WORK INSTRUCTIONS: Print the data that follows word for word, leaving out any picture.

Captioned web image data:
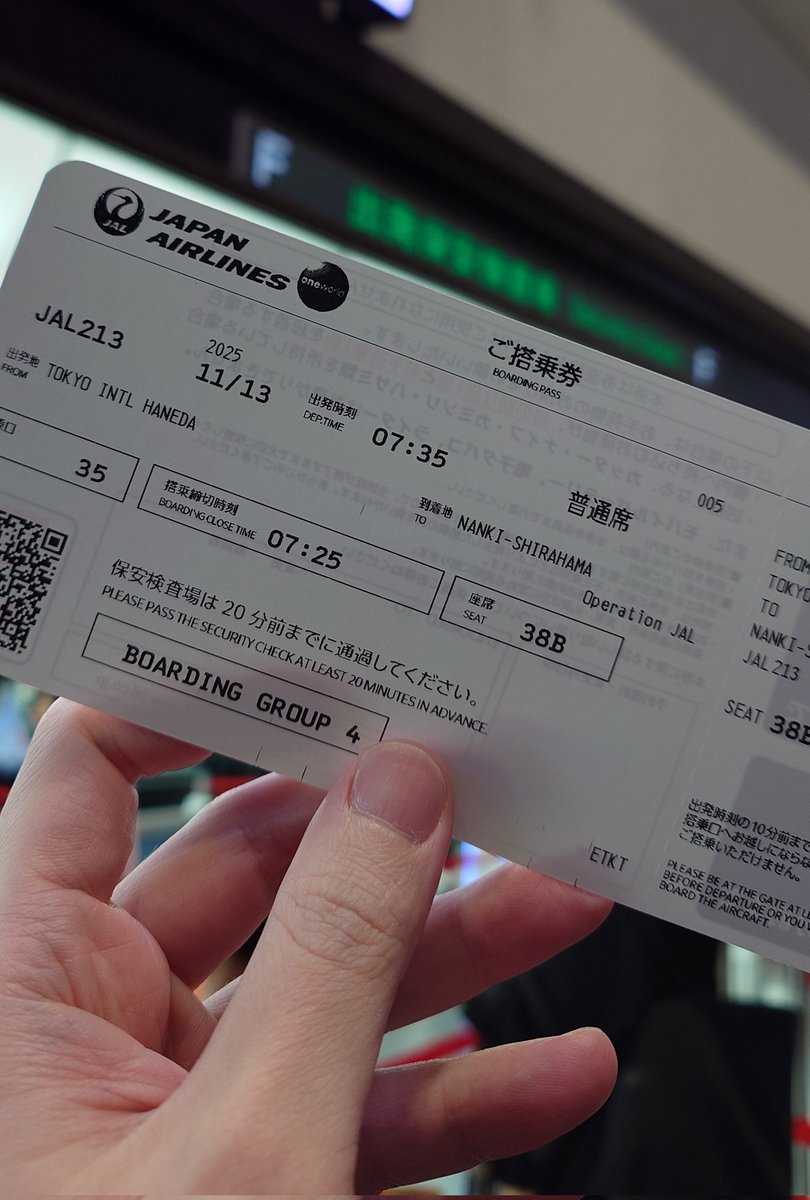 優羽様確認ページ フライト早いぃぃ💦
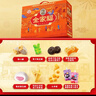 徐福記新年禮盒送禮 混合零食禮盒 休閑零食大禮包 年貨禮盒團購 【內含9袋】全家福禮盒922g 曬單實(shí)拍圖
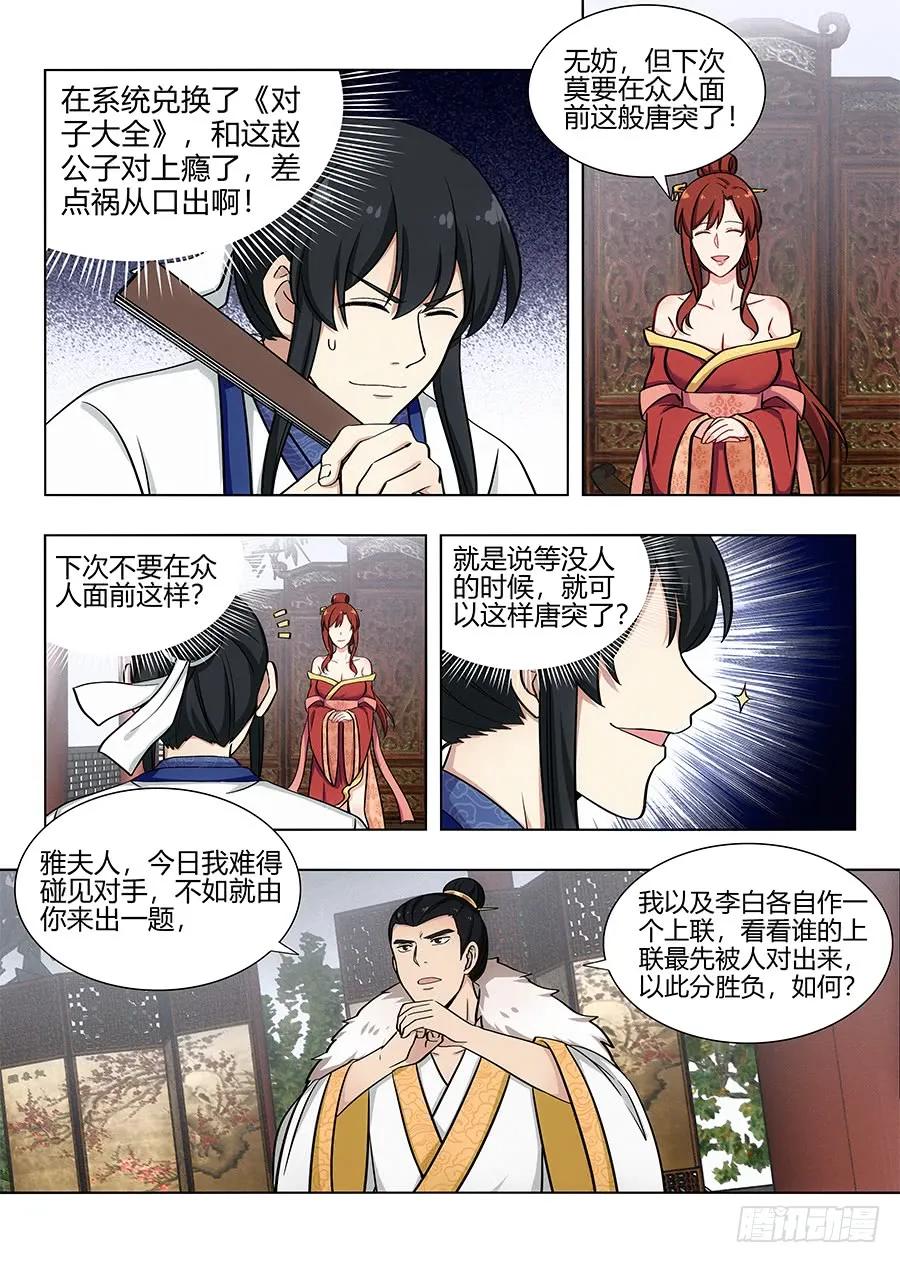《最强反套路系统》088身正不怕嘴巴污 第4页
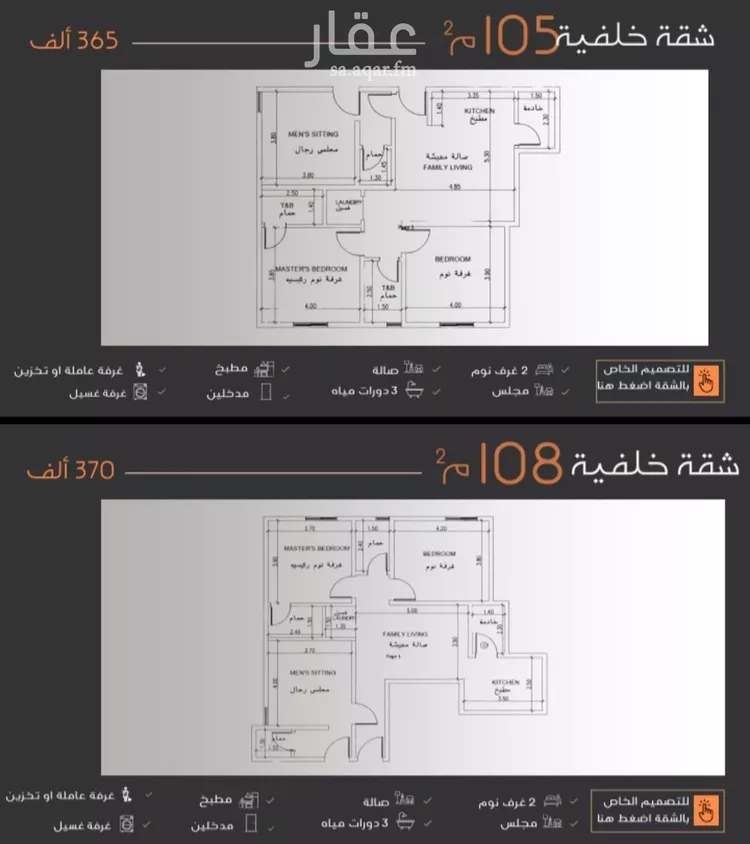 شقة للبيع في شارع ثلوث بني شهر, حي النزهة, مدينة جدة, منطقة مكة المكرمة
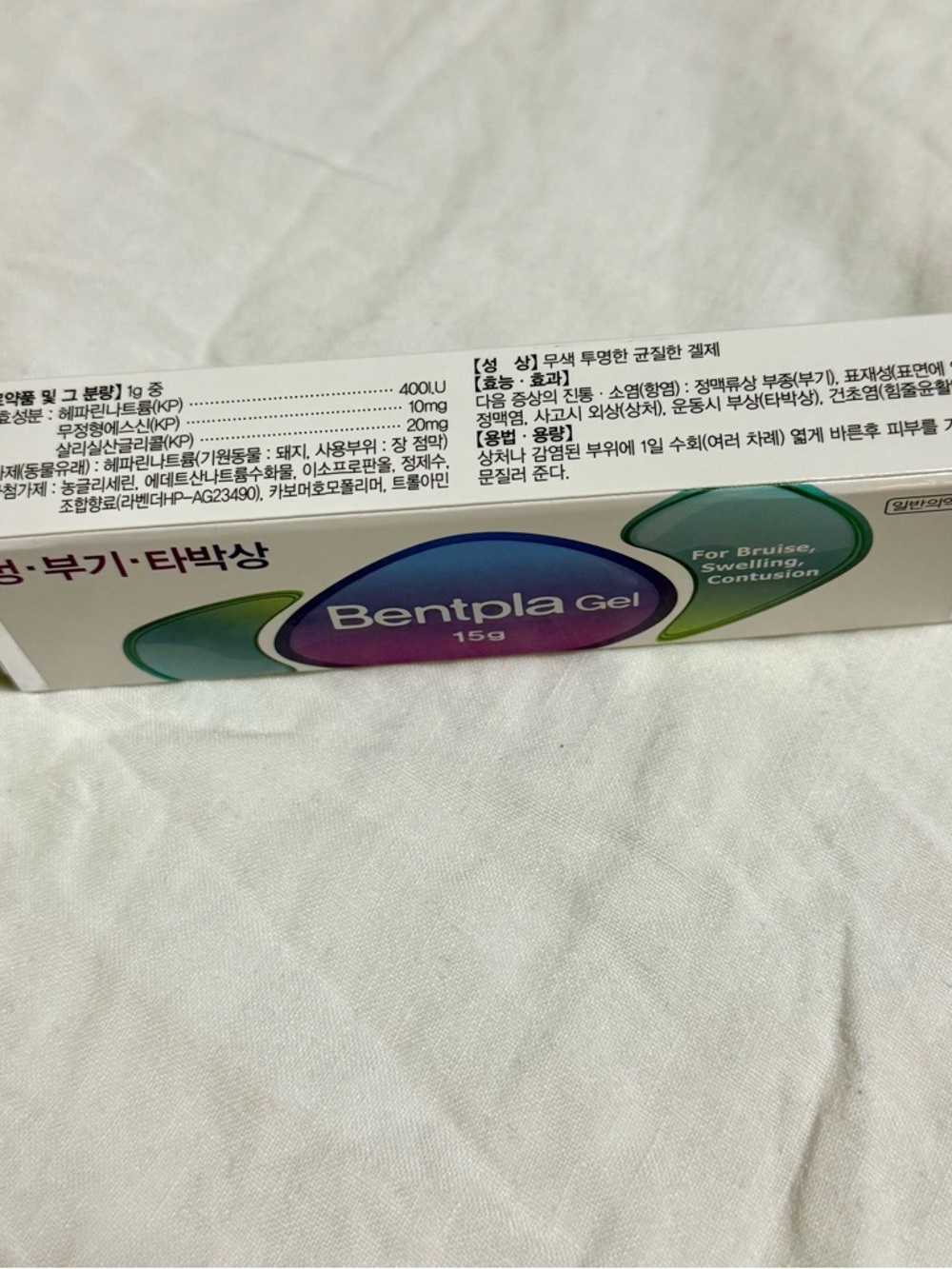 Bentpla Gel -For Bruise, Swelling, Contusion 15g - Picture 5 of 5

ANSWER FOR THE TASK:
 優羽様確認ページ フライト早いぃぃ💦
 徐福記新年禮盒送禮 混合零食禮盒 休閑零食大禮包 年貨禮盒團購 【內含9袋】全家福禮盒922g 曬單實(shí)拍圖
《最强反套路系统》088身正不怕嘴巴污 第4页
 شقة للبيع في شارع ثلوث بني شهر, حي النزهة, مدينة جدة, منطقة مكة المكرمة
 Bentpla Gel -For Bruise, Swelling, Contusion 15g - Picture 5 of 5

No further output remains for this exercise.